*** Begin section ***
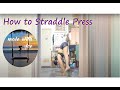 Straddle press | movewithace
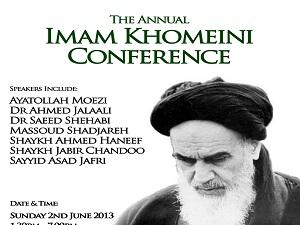 The Annual Imam Khomeini Conference 2013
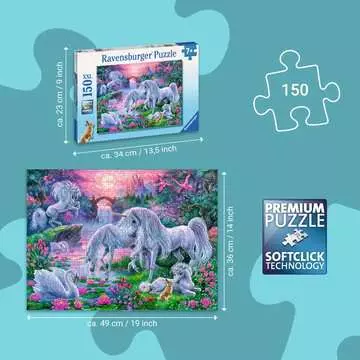 Unicorns in the Sunset Glow Jigsaw Puzzles;Children s Puzzles - image 3 - Ravensburger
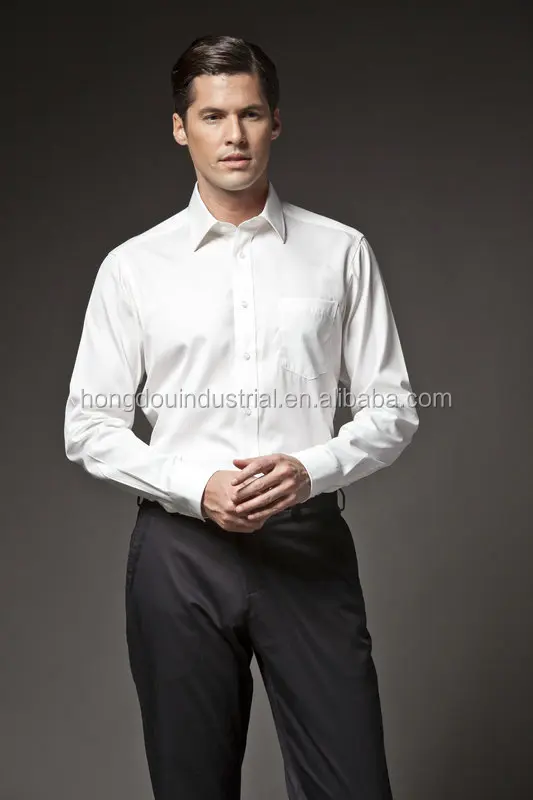 
2021 Fashion White Banded Collar Tuxedo Shirts Mandarin Collar man Shirts Wedding drss shirts 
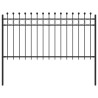 Clôture en anneau Tilburg Noir 200 x 150 cm 544494544494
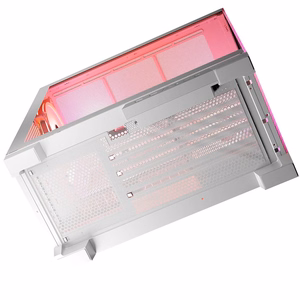 Modecom Volcano SPACE APEX ARGB MIDI „Midi Tower“ Balta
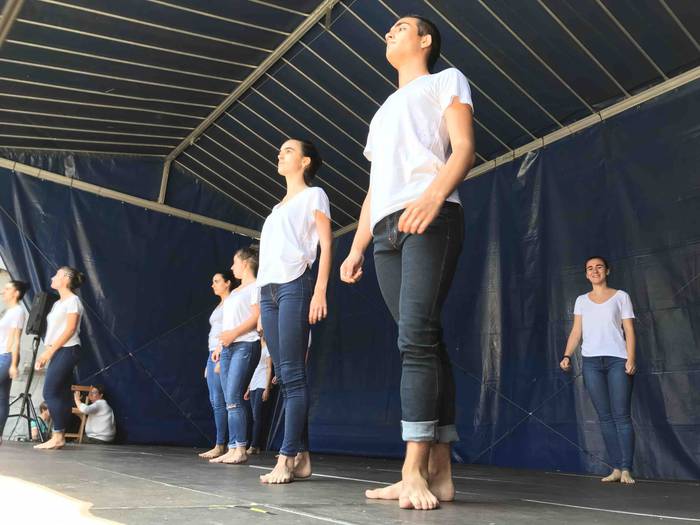 Dantza izan da protagonista  20 1563291834302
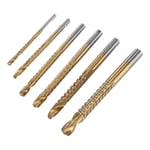 Spiral Saw Drill Bit Twist Drill Bit Rust Prevention For Plastic Plate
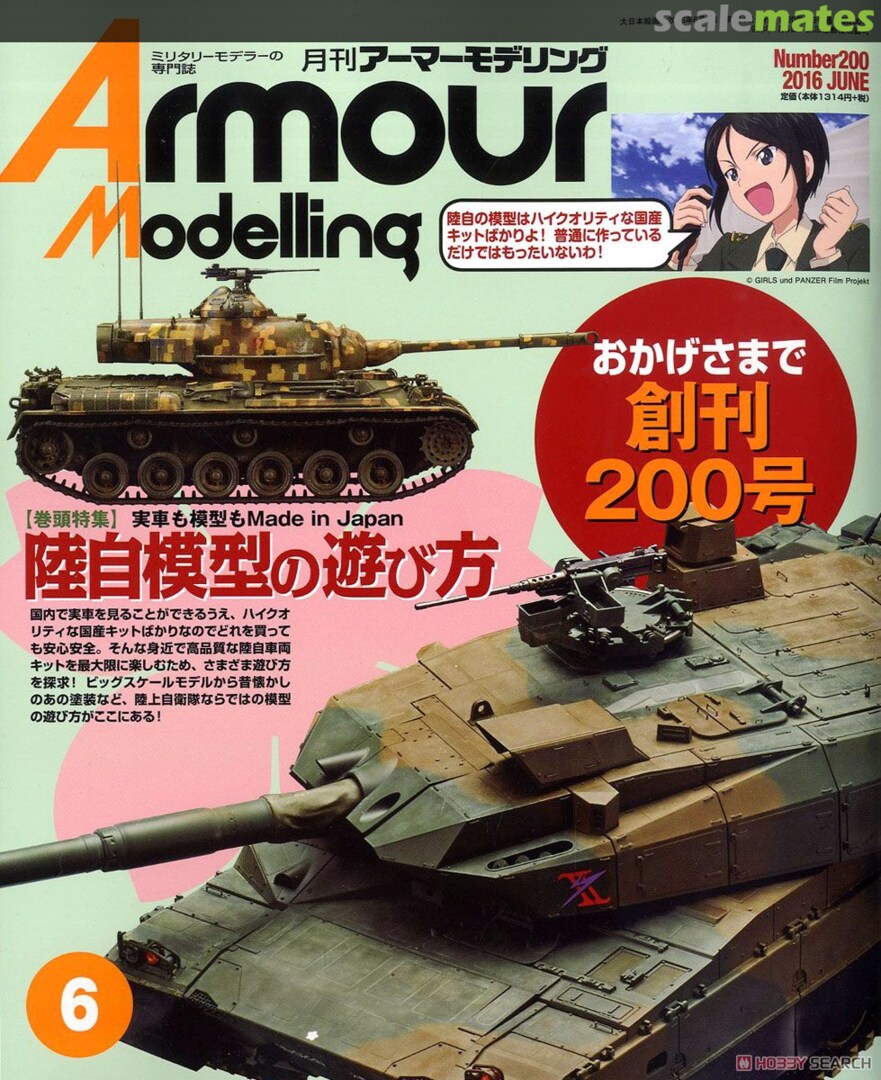 Armour Modelling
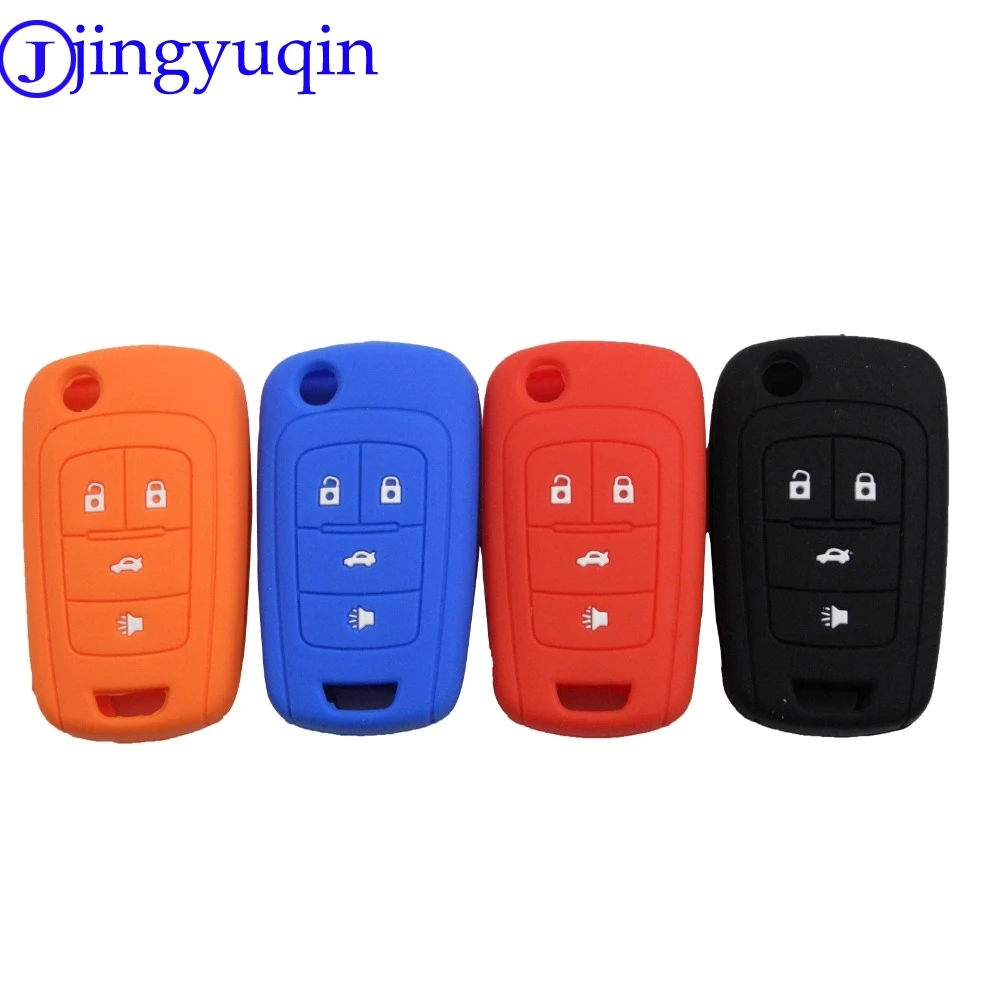Дистанционный силиконовый чехол для ключей от машины Chevrolet Vauxhall Opel Insignia Astra J Zafira C
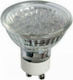 Evivak LED Bulb 1.8W for Socket GU10 Red 144lm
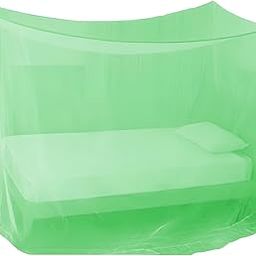 Divayanshi Green Mosquito Net for Single Bed/Double Bed, 3x6.5 Insect Protection Net-16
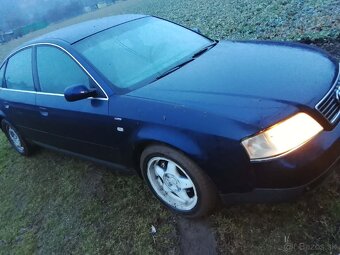 Rozpredám Audi A6 C5
2,5 tdi - 2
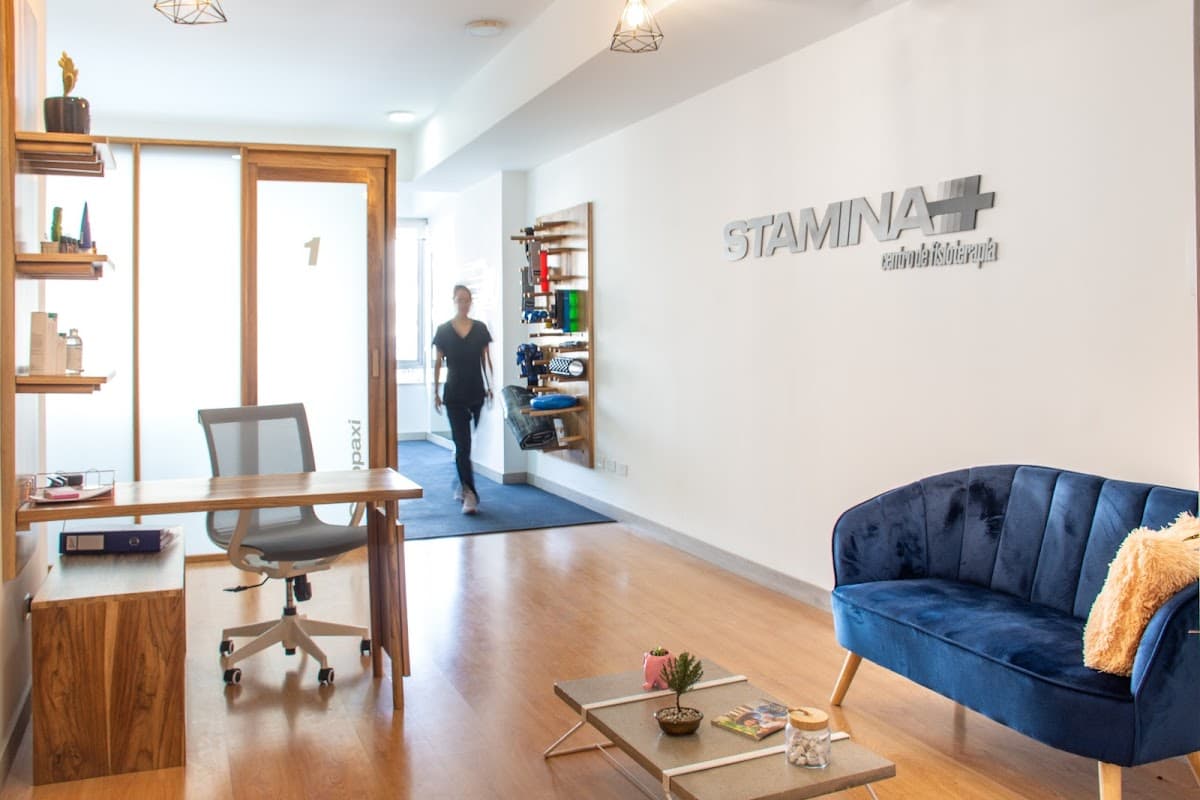Stamina+ fisioterapia y rehabilitación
*** End section ***
Be exact. Write out all the entries and omit the pictures.

 Straddle press | movewithace
 The Annual Imam Khomeini Conference 2013
 Unicorns in the Sunset Glow Jigsaw Puzzles;Children s Puzzles - image 3 - Ravensburger
2021 Fashion White Banded Collar Tuxedo Shirts Mandarin Collar man Shirts Wedding drss shirts 
 Clôture en anneau Tilburg Noir 200 x 150 cm 544494544494
 Modecom Volcano SPACE APEX ARGB MIDI „Midi Tower“ Balta
 Dantza izan da protagonista  20 1563291834302
 Spiral Saw Drill Bit Twist Drill Bit Rust Prevention For Plastic Plate
 Armour Modelling
Дистанционный силиконовый чехол для ключей от машины Chevrolet Vauxhall Opel Insignia Astra J Zafira C
 Evivak LED Bulb 1.8W for Socket GU10 Red 144lm
 Divayanshi Green Mosquito Net for Single Bed/Double Bed, 3x6.5 Insect Protection Net-16
 Rozpredám Audi A6 C5
2,5 tdi - 2
Stamina+ fisioterapia y rehabilitación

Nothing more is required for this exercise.